┏━━

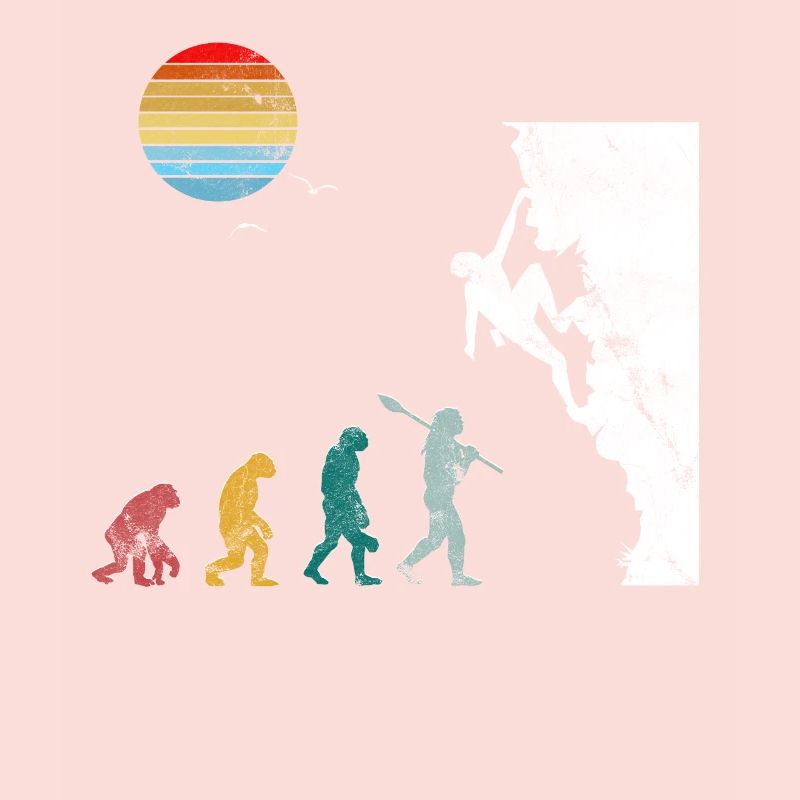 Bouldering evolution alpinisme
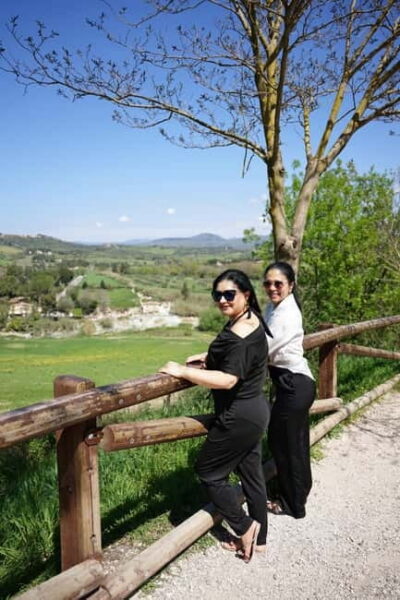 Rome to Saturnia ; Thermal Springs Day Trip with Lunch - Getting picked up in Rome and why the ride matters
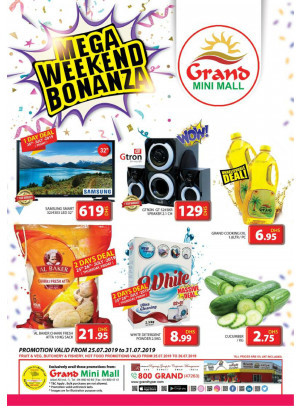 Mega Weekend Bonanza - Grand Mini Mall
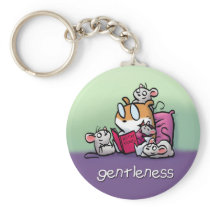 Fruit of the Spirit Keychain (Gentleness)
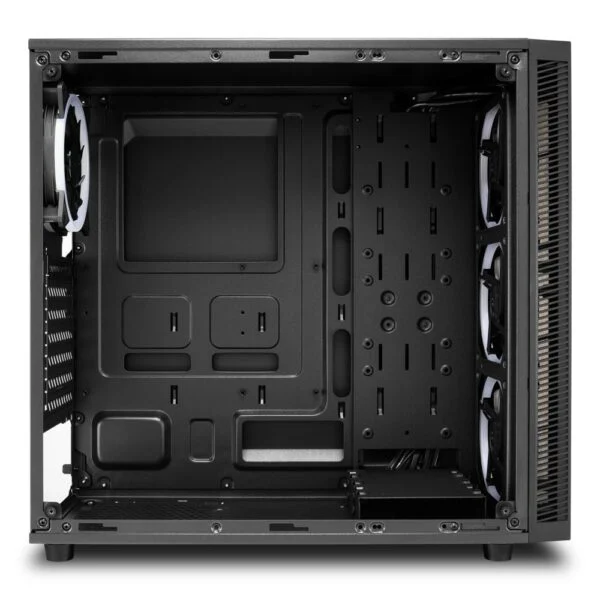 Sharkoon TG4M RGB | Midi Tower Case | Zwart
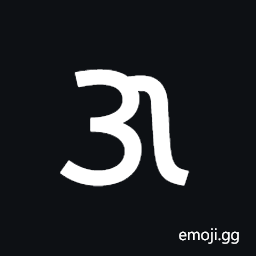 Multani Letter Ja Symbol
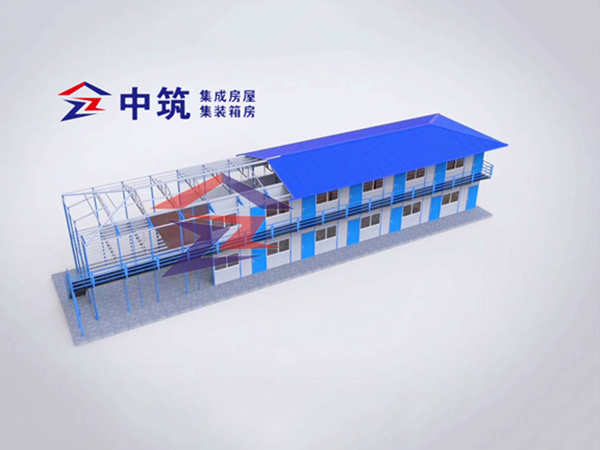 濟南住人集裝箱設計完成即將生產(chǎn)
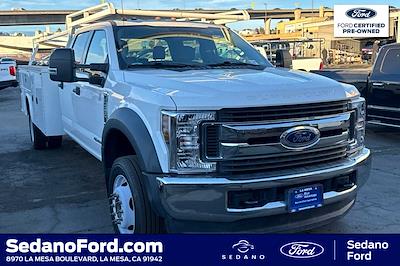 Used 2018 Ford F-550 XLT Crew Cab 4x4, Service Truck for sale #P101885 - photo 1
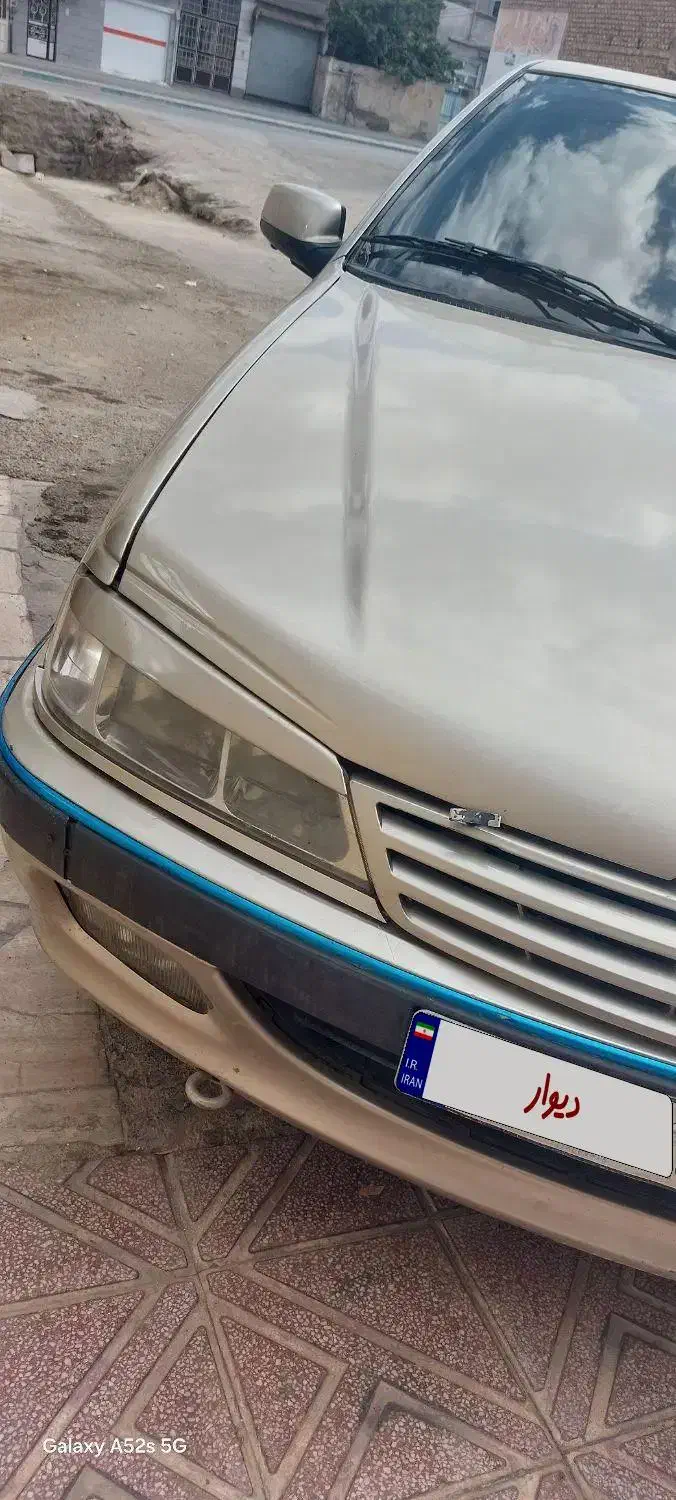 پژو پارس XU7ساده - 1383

┗━━
┏━━

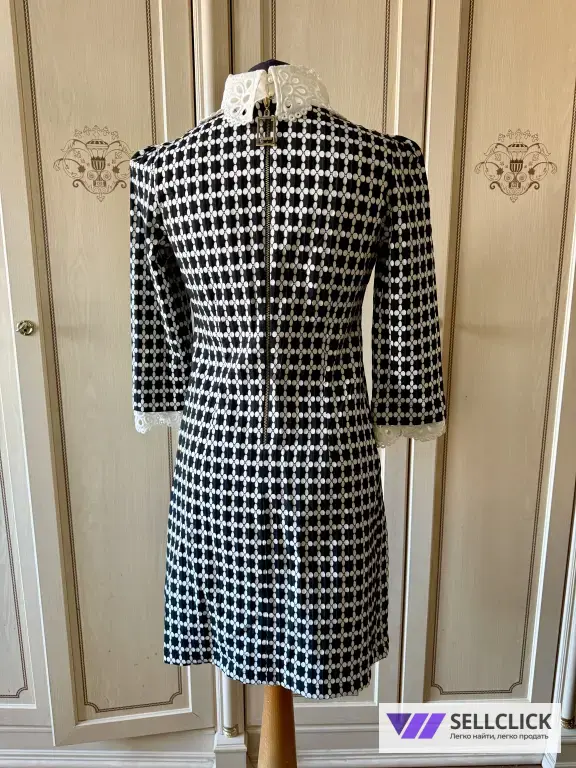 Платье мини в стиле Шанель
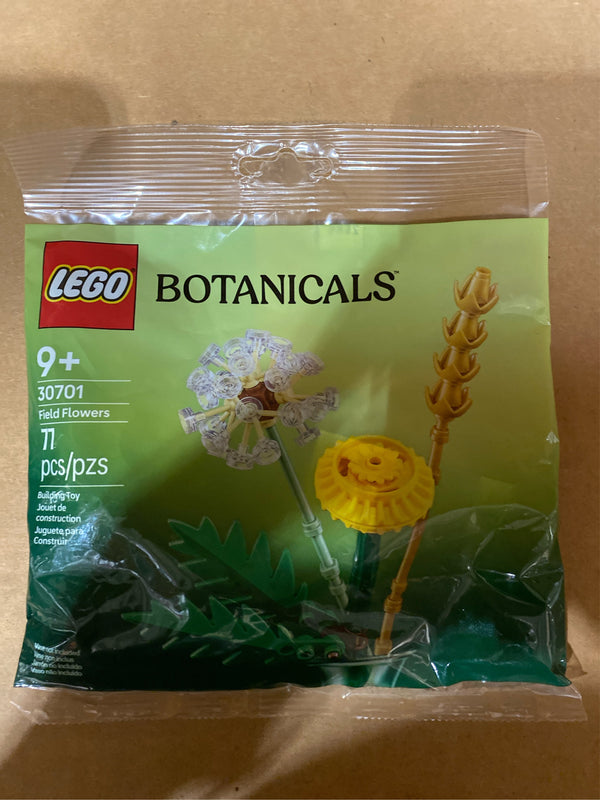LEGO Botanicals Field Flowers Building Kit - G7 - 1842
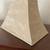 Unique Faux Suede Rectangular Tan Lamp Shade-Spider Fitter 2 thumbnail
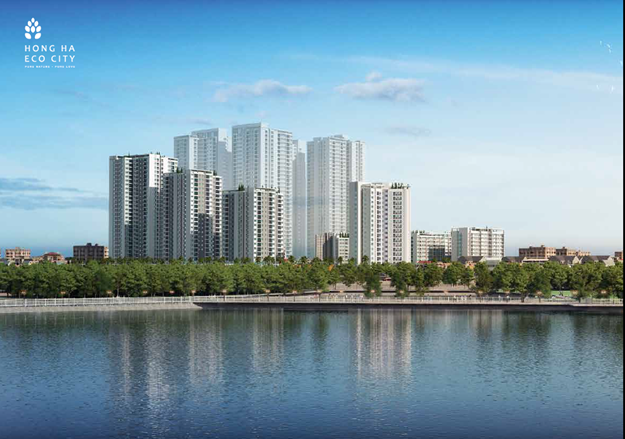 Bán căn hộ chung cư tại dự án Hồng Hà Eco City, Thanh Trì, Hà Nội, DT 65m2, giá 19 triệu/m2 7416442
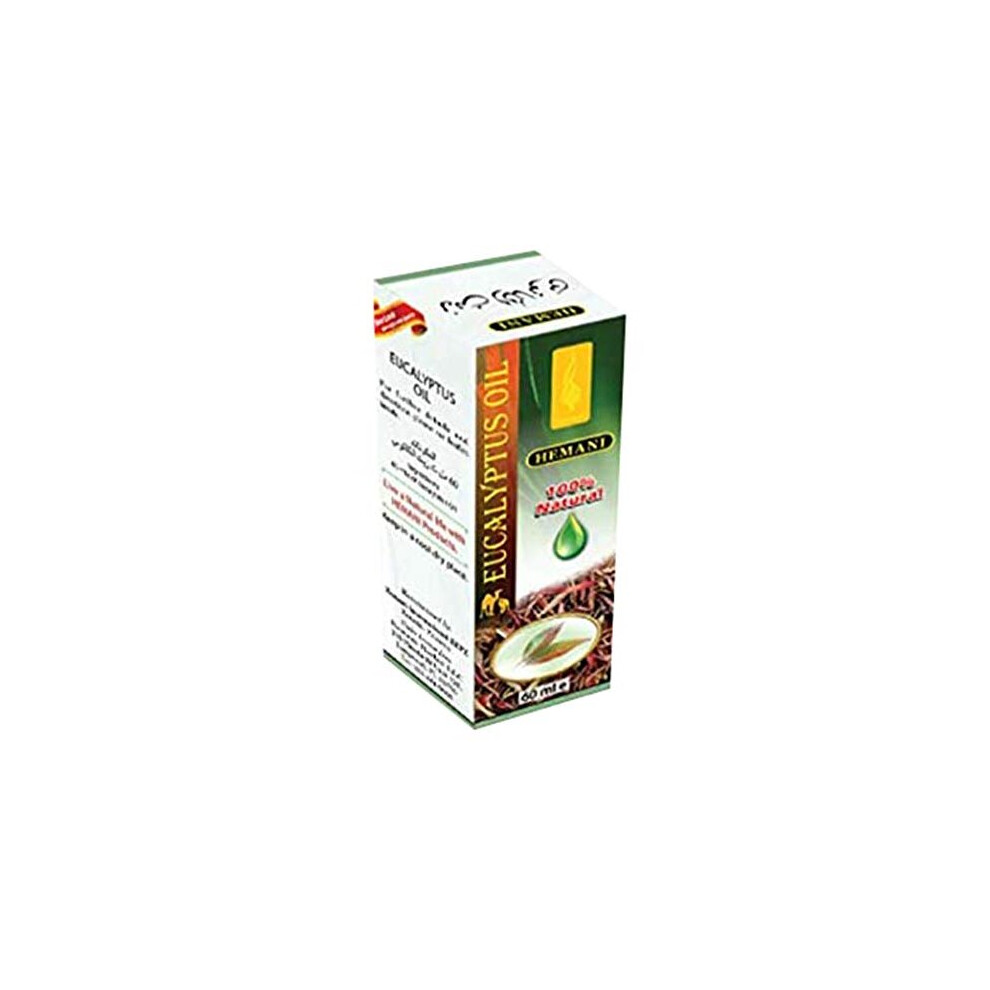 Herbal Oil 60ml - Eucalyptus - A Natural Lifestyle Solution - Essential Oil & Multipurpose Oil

┗━━

* _PROBLEM DESCRIPTION_:
Using the records above, return word for word the lines that begin at the one containing "Bán căn hộ chung" and end at the one containing "Herbal Oil 60ml", both of them included and no pictures.

* _TASK RESPONSE_:
 Bán căn hộ chung cư tại dự án Hồng Hà Eco City, Thanh Trì, Hà Nội, DT 65m2, giá 19 triệu/m2 7416442
 Herbal Oil 60ml - Eucalyptus - A Natural Lifestyle Solution - Essential Oil & Multipurpose Oil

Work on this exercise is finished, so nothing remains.